Thursday, April 26, 2012

Natural Language Processing : starting from scratch and discarding conventional wisdom.

 We propose a unified neural network architecture and learning algorithm that can be applied to various natural language processing tasks including: part-of-speech tagging, chunking, named entity recognition, and semantic role labeling. This versatility is achieved by trying to avoid task-specific engineering and therefore disregarding a lot of prior knowledge. Instead of exploiting man-made input features carefully optimized for each task, our system learns internal representations on the basis of vast amounts of mostly unlabeled training data. This work is then used as a basis for building a freely available tagging system with good performance and minimal computational requirements.

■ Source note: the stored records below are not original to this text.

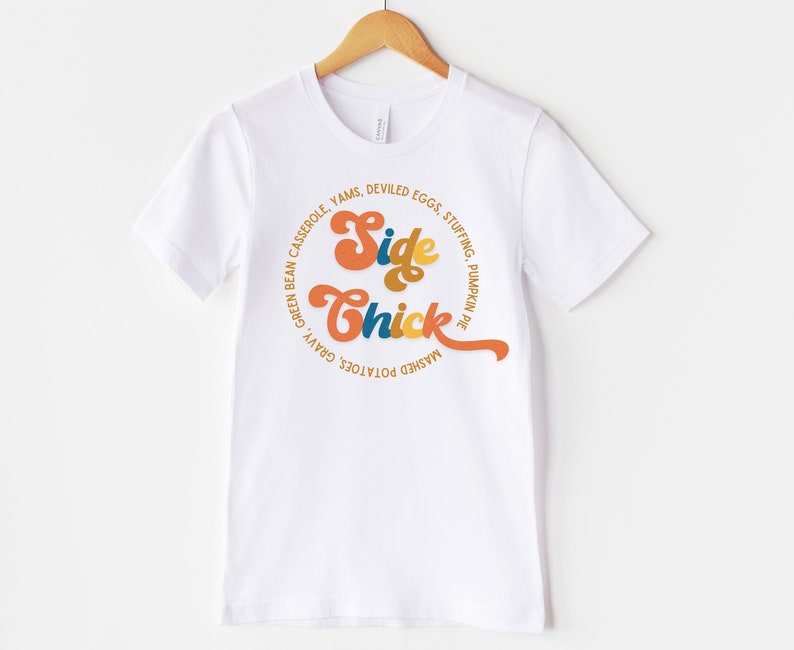 K&ouml;nnte beinhalten: Wei&szlig;es T-Shirt mit einem Grafikdesign, das "Side Chick" in einer Retro-Schriftart sagt. Die Grafik ist von einem Kreis aus Text umgeben, der verschiedene Thanksgiving-Beilagen auflistet.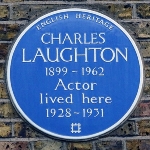 Achievement The blue plaque indicating the birth place of Charles Laughton at 15 Percy Street, Fitzrovia, London W1T 1DU was erected in 1992 by English Heritage. of Charles Laughton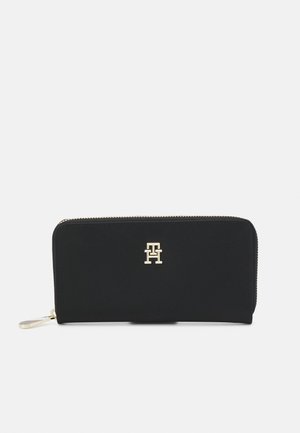 Black wallet with a smooth texture, gold hardware logo on the front, zip closure, and a flat design. Features a wrist strap.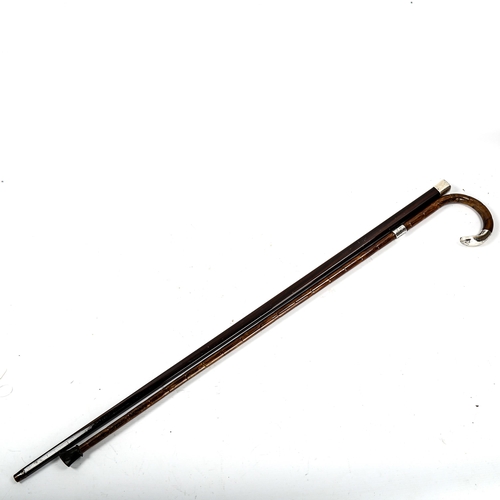 1179 - 2 early 20th century silver-mounted walking canes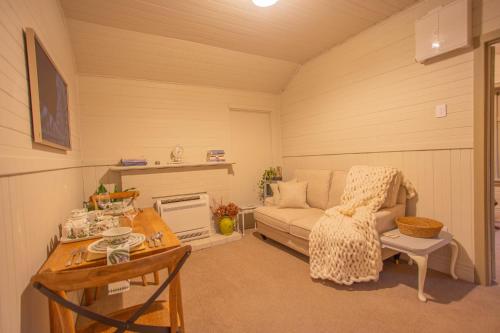a living room with a couch and a table at Villa City Break for couples 27 mins CHC Airport in Christchurch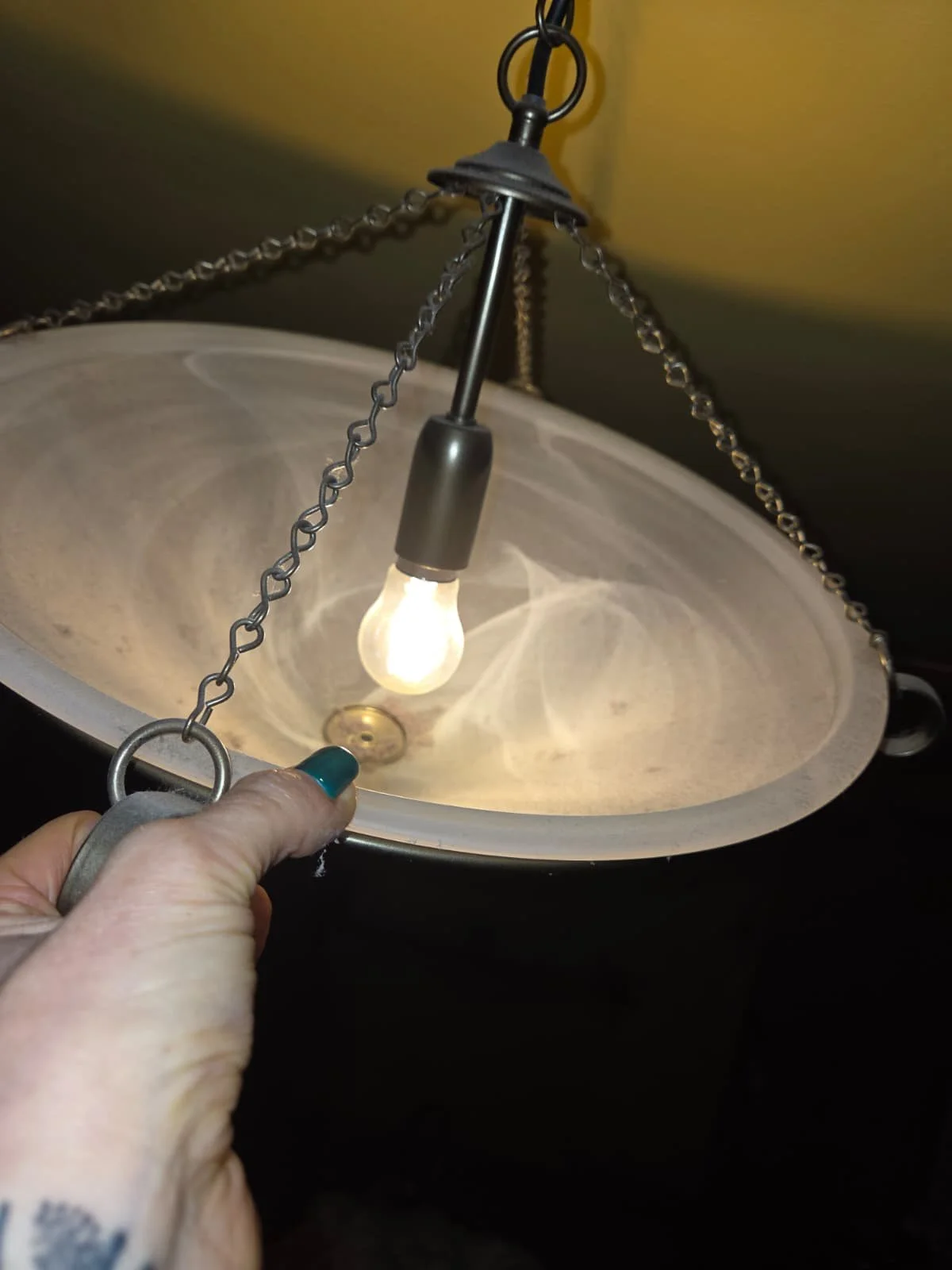 Close-up of a hanging light fixture with a chain, exposed light bulb, and a person's hand holding a small metallic object near the fixture.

http://arxiv.org/abs/1103.0398
In this contribution, we try to excel on multiple benchmarks while avoiding task-specific enginering. Instead we use a single learning system able to discover adequate internal representations. In fact we view the benchmarks as indirect measurements of the relevance of the internal representations discovered by the learning procedure, and we posit that these intermediate representations are more general than any of the benchmarks. Our desire to avoid task-specific engineered features led us to ignore a large body of linguistic knowledge. Instead we reach good performance levels in most of the tasks by transferring intermediate representations discovered on large unlabeled datasets. We call this approach “almost from scratch” to emphasize the reduced (but still important) reliance on a priori NLP knowledge.